Что же до сабли, той самой сабли, которую герой «Гуся» подбирает во дворе, то…
Вот тут, в своем польском походе, на Волыни, где-то под Ровно, в еврейском местечке, которого давно уже нет на карте, потеряла свою верную саблю кавалерист-девица Надежда Дурова. Да и не потеряла вовсе – оставила, оставила человеку с родственной, женственной, «женской», душой. Человеку, который признавался:
«– Двух вещей в жизни мне уже не дано будет испытать. <…> Я никогда не буду рожать и никогда не буду сидеть в тюрьме»[337]. [Курсив мой. – Д. К.].
Жадное ли это желание испытать всё на свете, даже и недоступное физически?
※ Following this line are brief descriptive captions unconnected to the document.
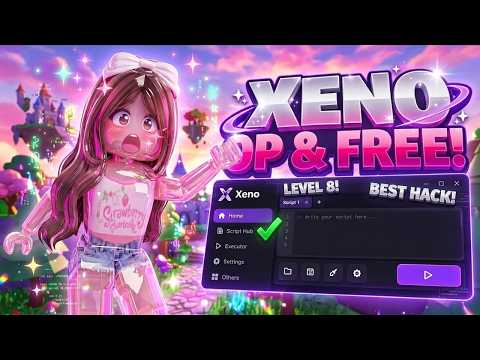 Roblox Executor XENO Web Keyless & Free Exploit Working for Roblox 2026 | UNDETECTED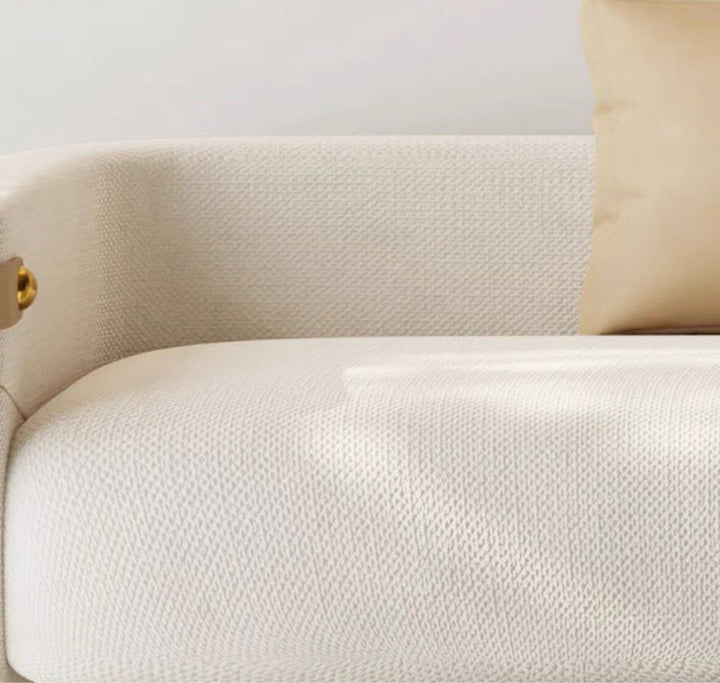 EMMERSON Modern Fabric Bench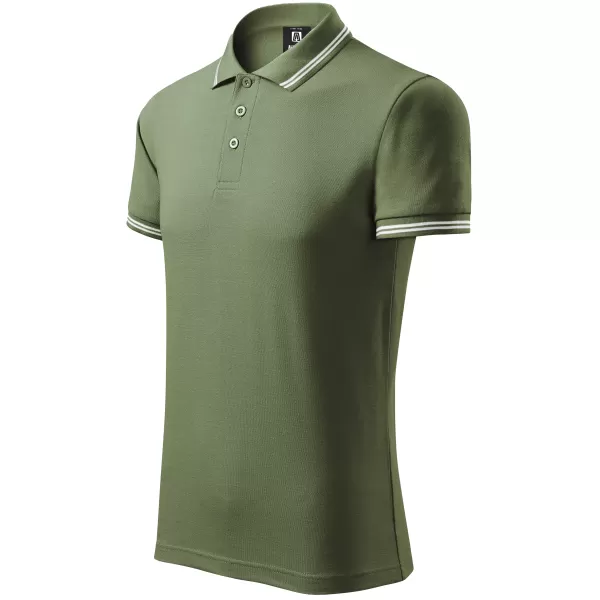  Herren-T-Shirt ALTISPORT NP/ALM921 KHAKI 
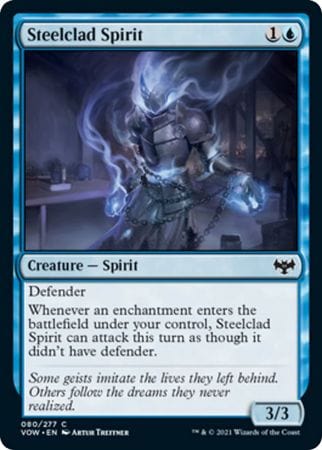 Steelclad Spirit C080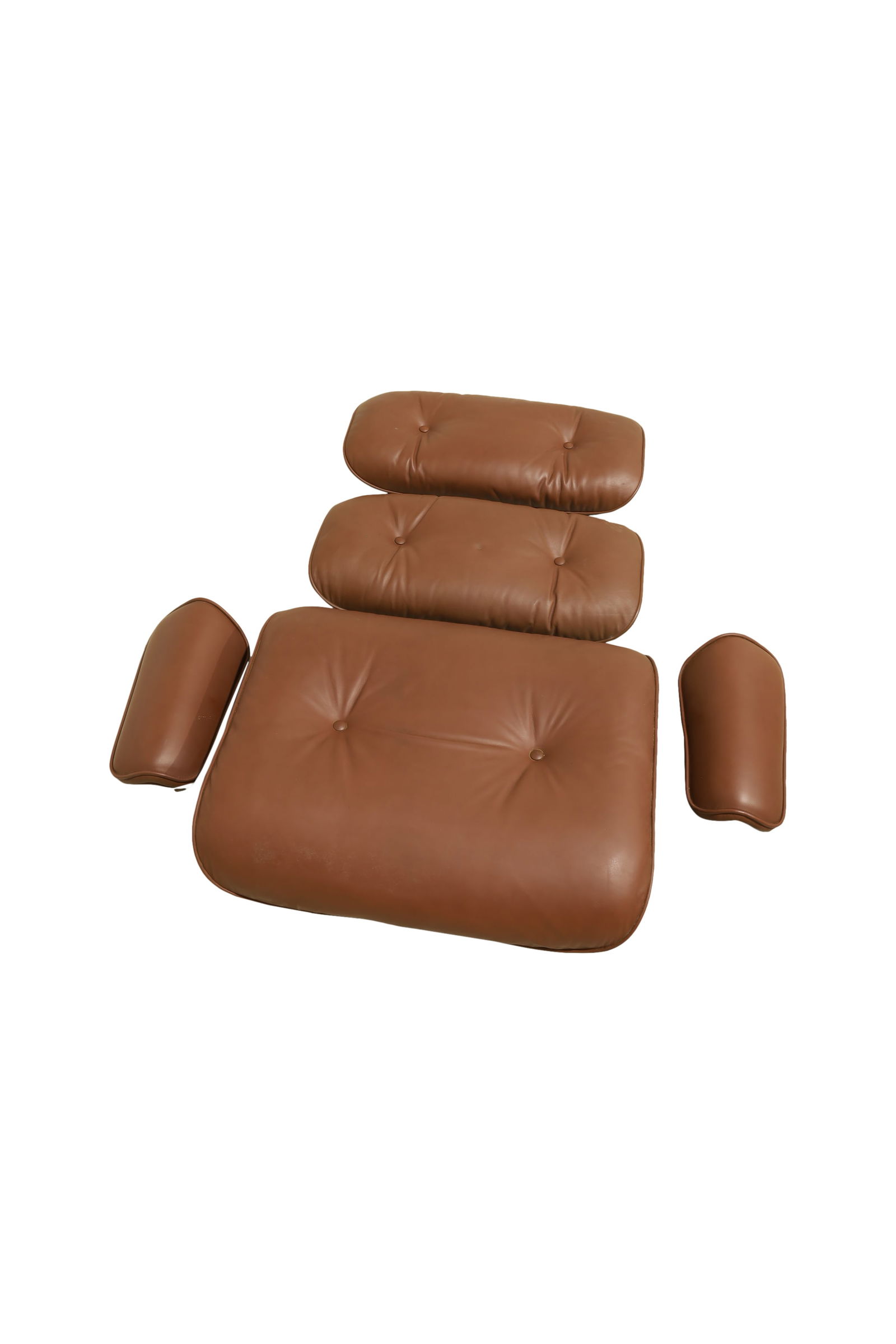 Eames Chair & ottoman Cushions (1 of 9)
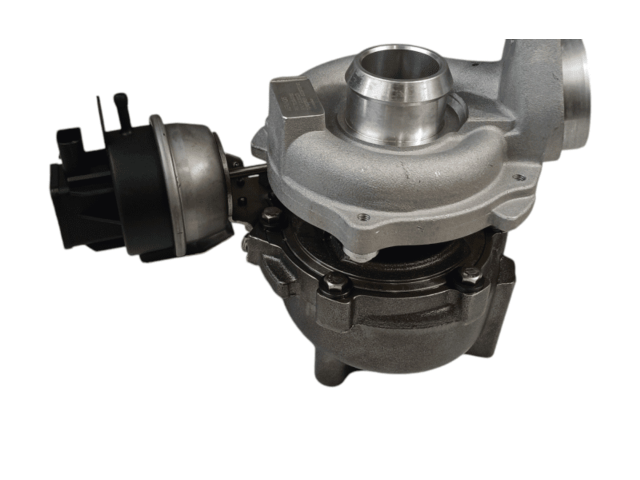 Турбина Audi A4 Allroad 53039700190, TC30-0032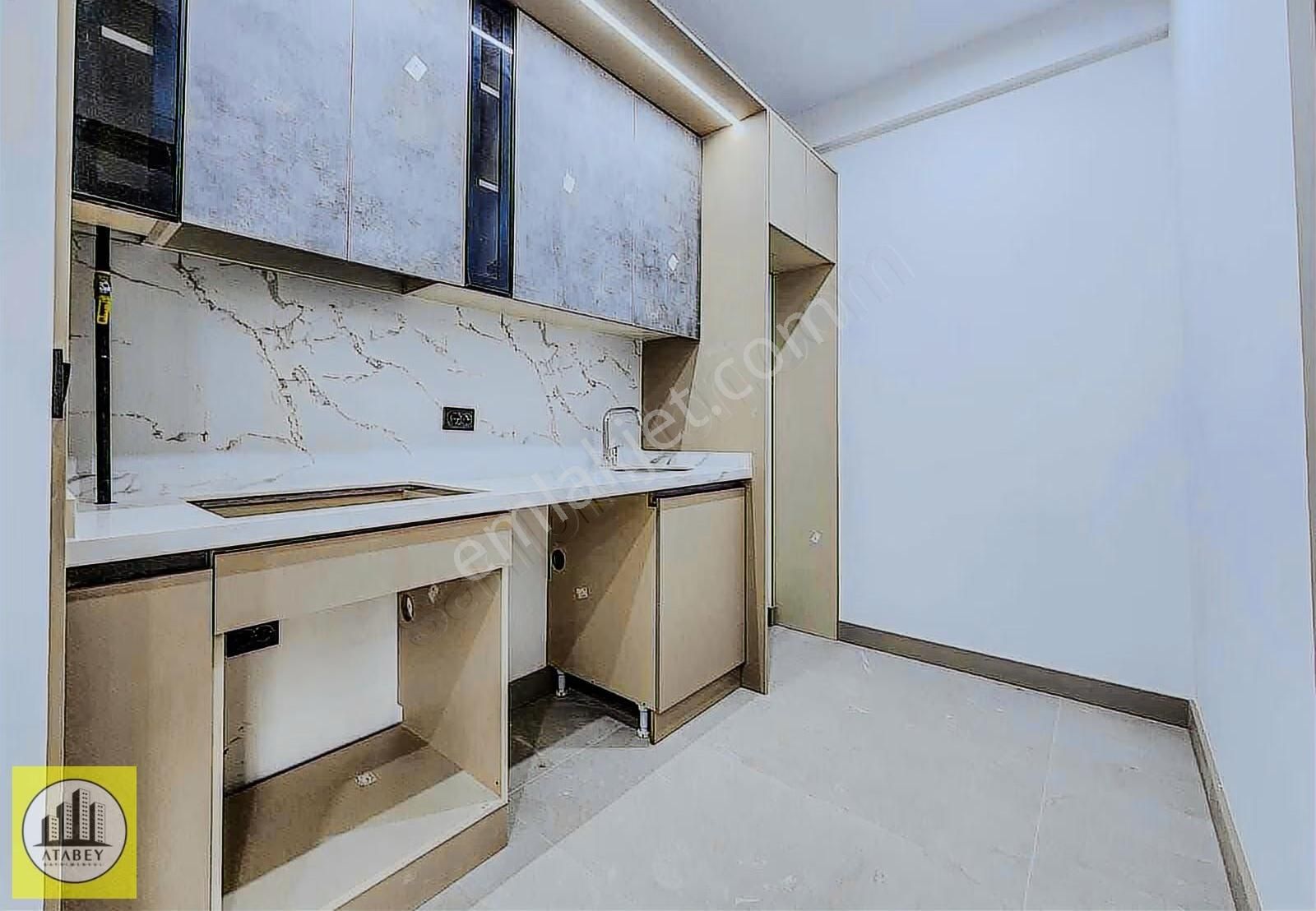 Atabey'den Adliye Yakını Sıfır Satılık Daireler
Или мистическая тоска женской души, заключенной в неподходящее мужское тело? Кто знает…[338]
Словом, лежала она, эта сабля сто лет – пока не пришли сюда русские кавалеристы, точно такие же лихие кавалеристы, как те, с которыми совершила «корнет Александров» поход против французов. Лежала невидимая и ненужная.
Невидимая.
Но вот увидел ее Бабель – и указал на нее герою своему Кириллу Лютову. Будь я кинорежиссером и реши экранизировать эту новеллу, я бы обязательно снял, как медленно, фантастически, сквозь пыль и грязь, проступает, проявляется наплывом гусарская (или уланская) сабля. Вот секунду назад не было ничего – и вот теперь есть: сверкающий, чуть изогнутый и остро заточенный клинок, обтянутая кожей рукоять, изящная гарда…
Потому что никто, кроме Бабеля, не мог увидеть эту саблю, эту эстафетную палочку. Никто, кроме него, – ибо, если бы верил я в реинкарнации, то сказал бы: душа кавалерист-девицы Надежды Дуровой возродилась через сто лет в его теле. Никакой другой сабли не было в том злосчастном дворе-святилище. Никто ничего не терял. То была передача эстафеты – родственной душе, сердцу, обагренному кровью невинной птицы.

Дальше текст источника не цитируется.